• **WORK INSTRUCTION**: Here the job is to print all of the entries below verbatim and leave out any picture.

• **EXERCISE INPUT**:
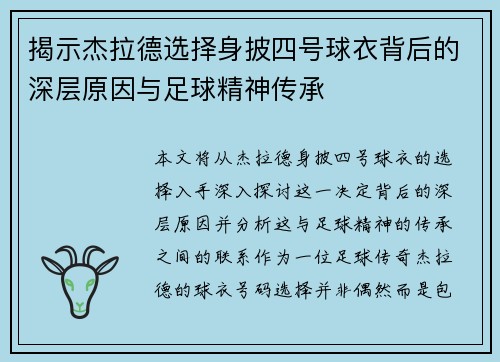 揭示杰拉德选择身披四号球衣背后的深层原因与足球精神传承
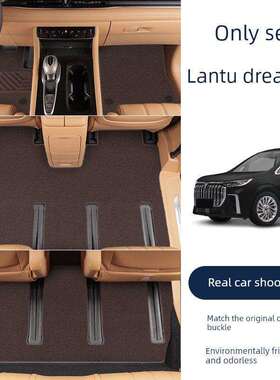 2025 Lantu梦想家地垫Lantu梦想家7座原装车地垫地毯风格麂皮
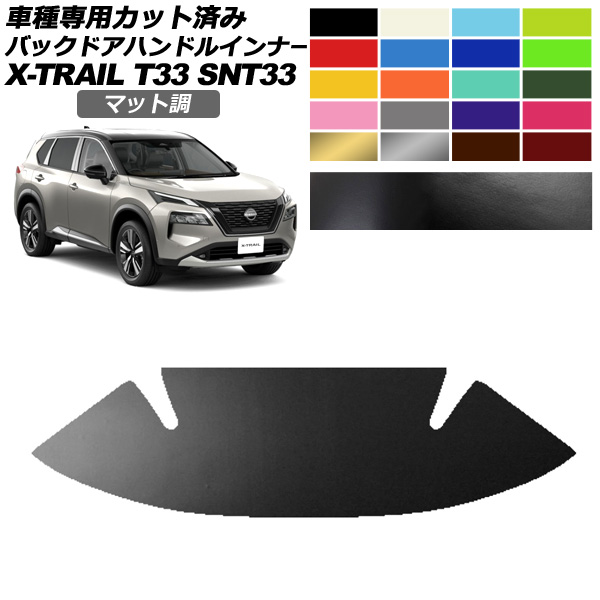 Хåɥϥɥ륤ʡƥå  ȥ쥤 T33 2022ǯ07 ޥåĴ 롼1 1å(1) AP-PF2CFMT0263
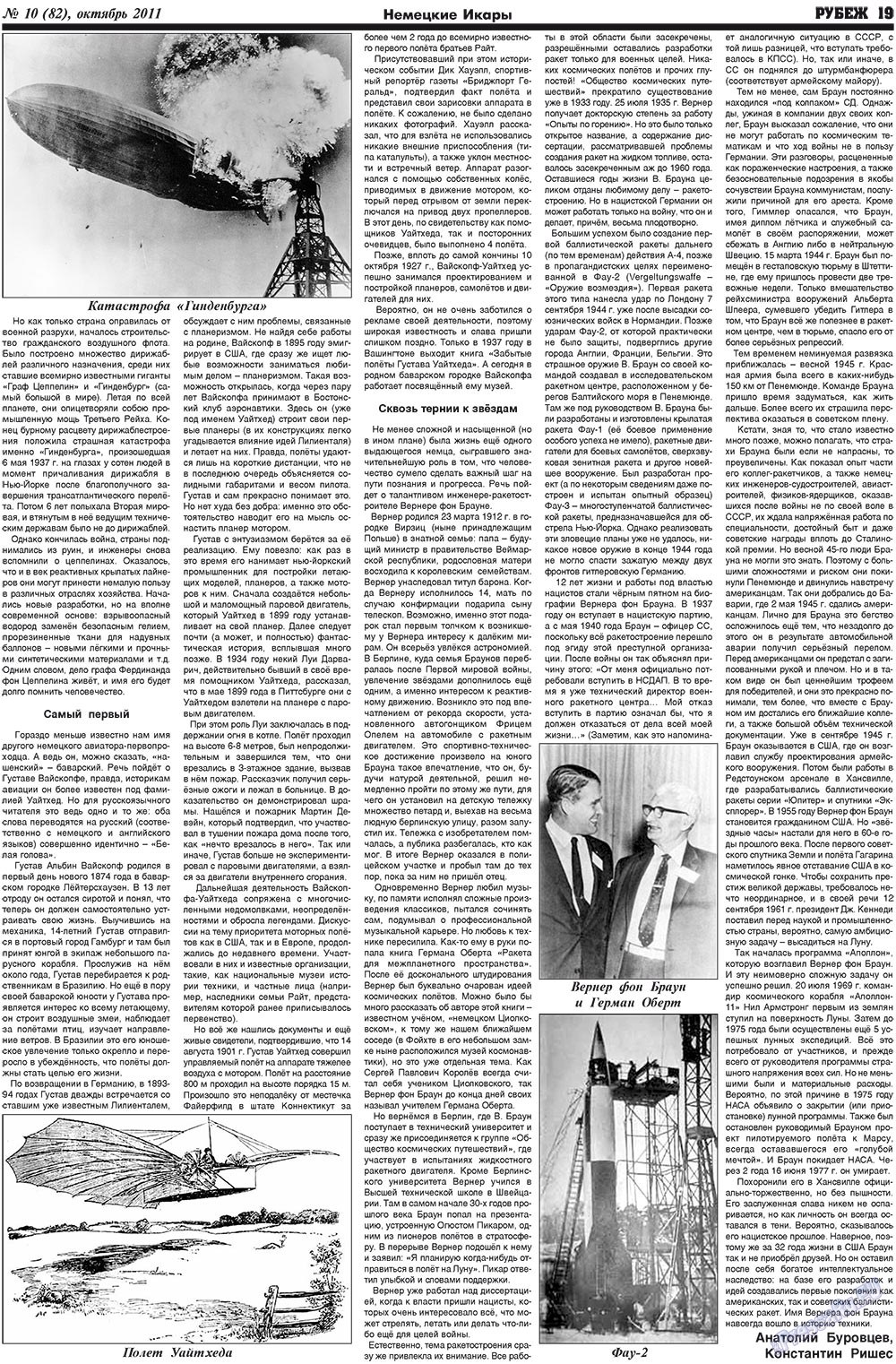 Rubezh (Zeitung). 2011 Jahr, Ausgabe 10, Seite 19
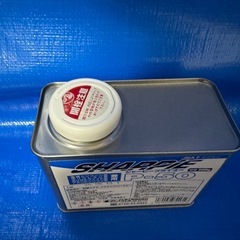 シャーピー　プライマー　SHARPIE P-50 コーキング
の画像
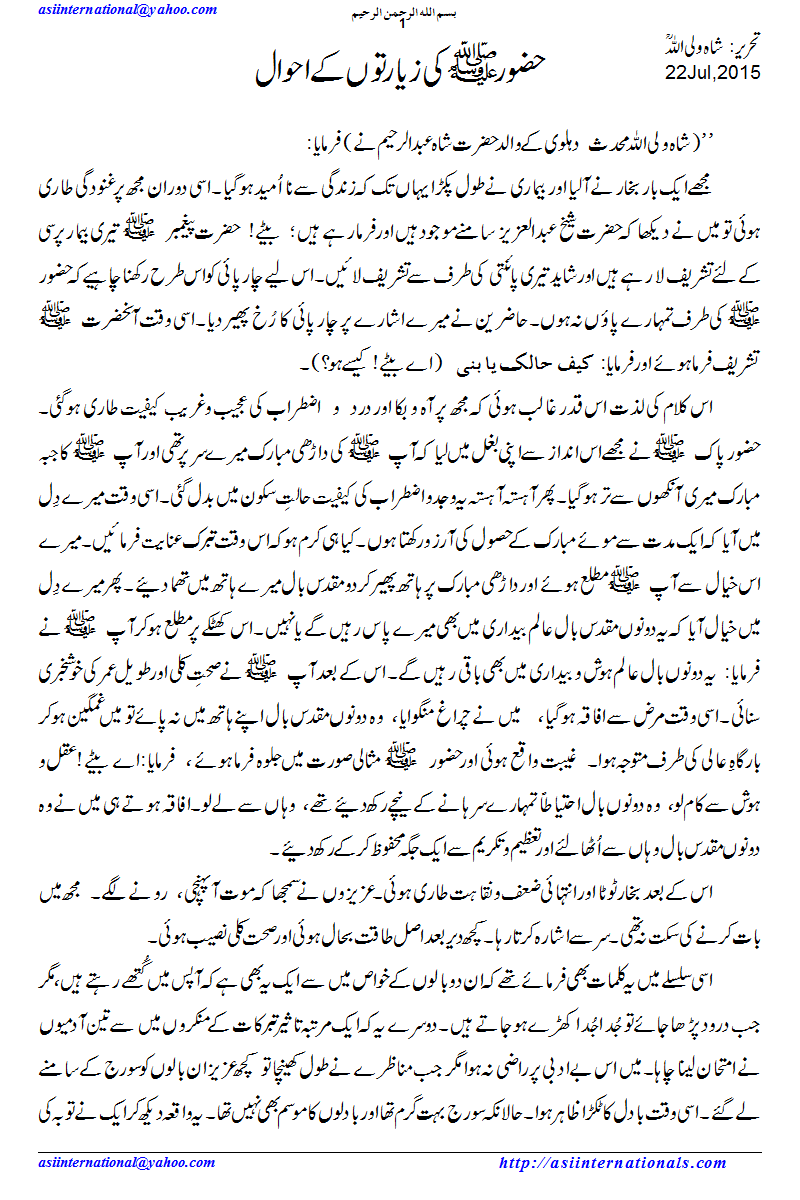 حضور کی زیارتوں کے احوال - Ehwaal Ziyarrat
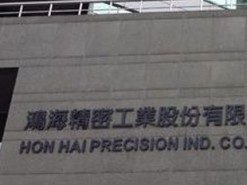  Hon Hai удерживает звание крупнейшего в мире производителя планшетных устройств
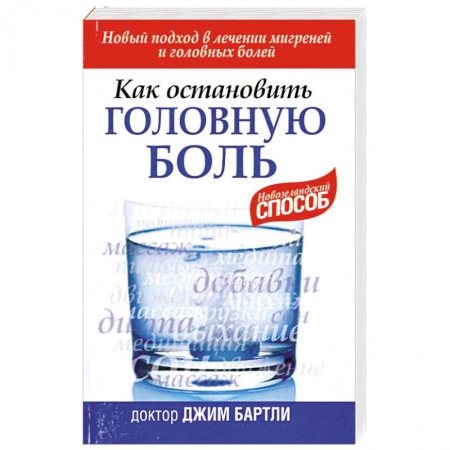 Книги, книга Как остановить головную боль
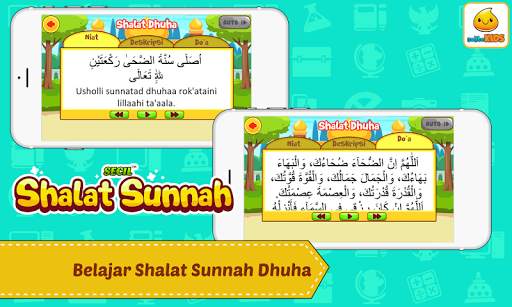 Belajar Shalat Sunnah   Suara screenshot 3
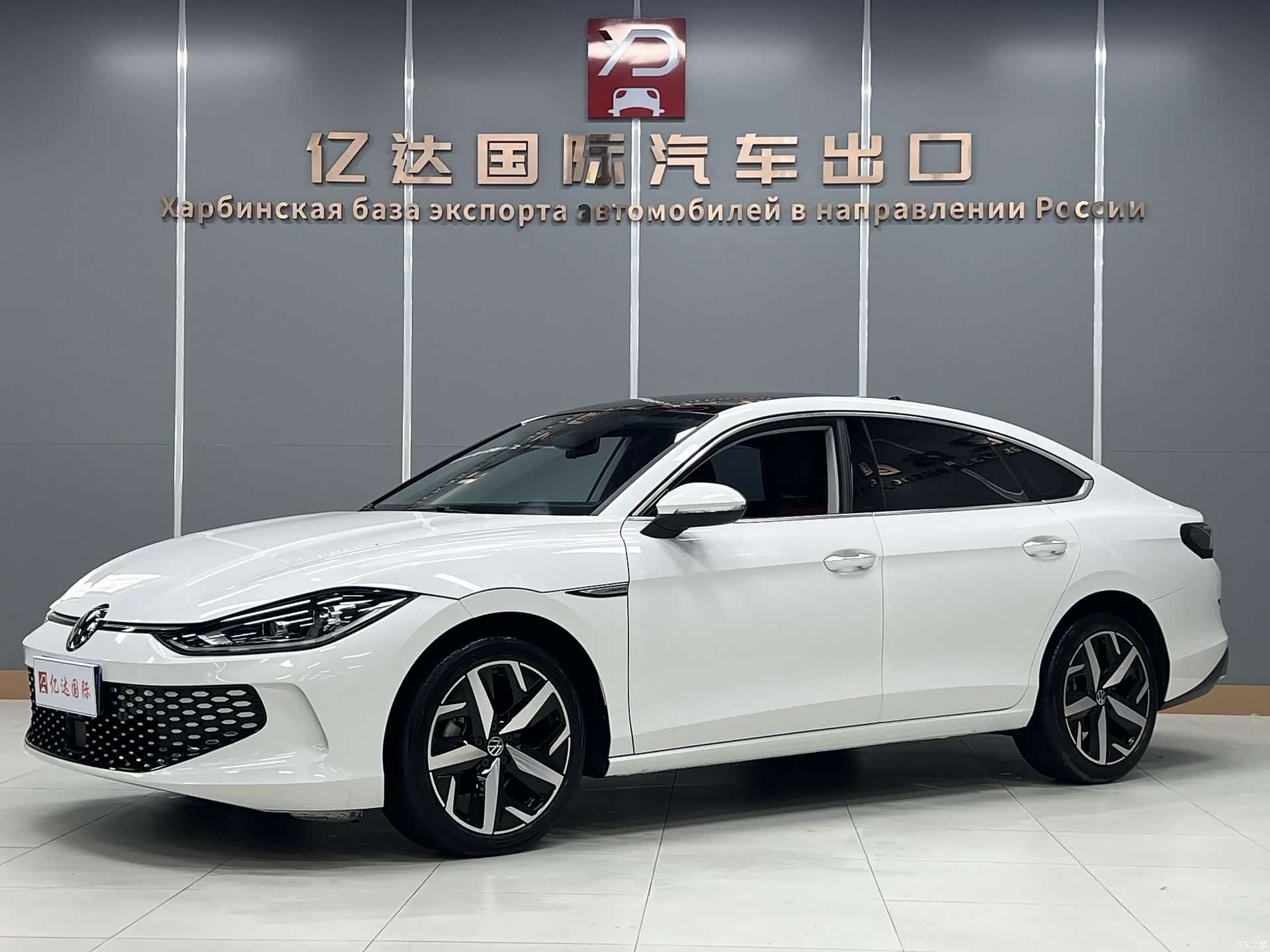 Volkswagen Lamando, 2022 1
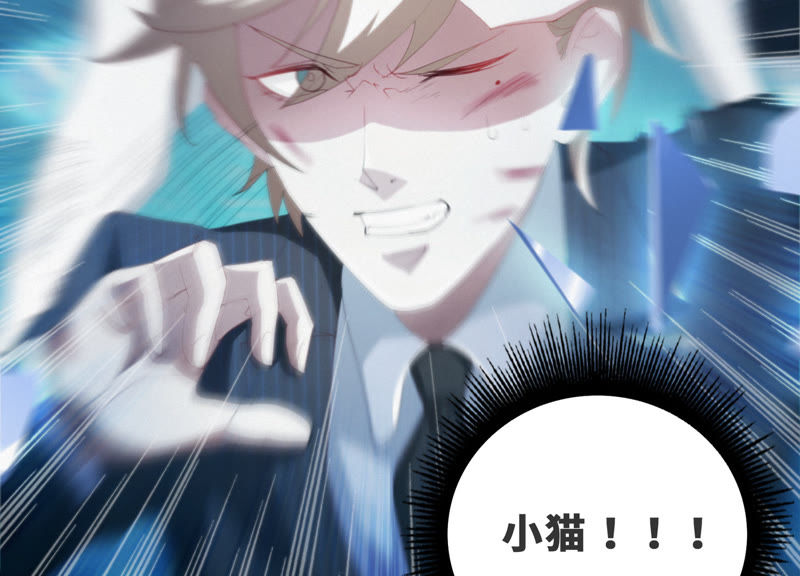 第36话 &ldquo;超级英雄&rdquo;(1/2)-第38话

• **TASK ANSWER**:
 揭示杰拉德选择身披四号球衣背后的深层原因与足球精神传承
 2025 Lantu梦想家地垫Lantu梦想家7座原装车地垫地毯风格麂皮
 Хåɥϥɥ륤ʡƥå  ȥ쥤 T33 2022ǯ07 ޥåĴ 롼1 1å(1) AP-PF2CFMT0263
 Rubezh (Zeitung). 2011 Jahr, Ausgabe 10, Seite 19
 シャーピー　プライマー　SHARPIE P-50 コーキング
の画像
 حضور کی زیارتوں کے احوال - Ehwaal Ziyarrat
  Hon Hai удерживает звание крупнейшего в мире производителя планшетных устройств
 Книги, книга Как остановить головную боль
 Belajar Shalat Sunnah   Suara screenshot 3
 Volkswagen Lamando, 2022 1
 第36话 &ldquo;超级英雄&rdquo;(1/2)-第38话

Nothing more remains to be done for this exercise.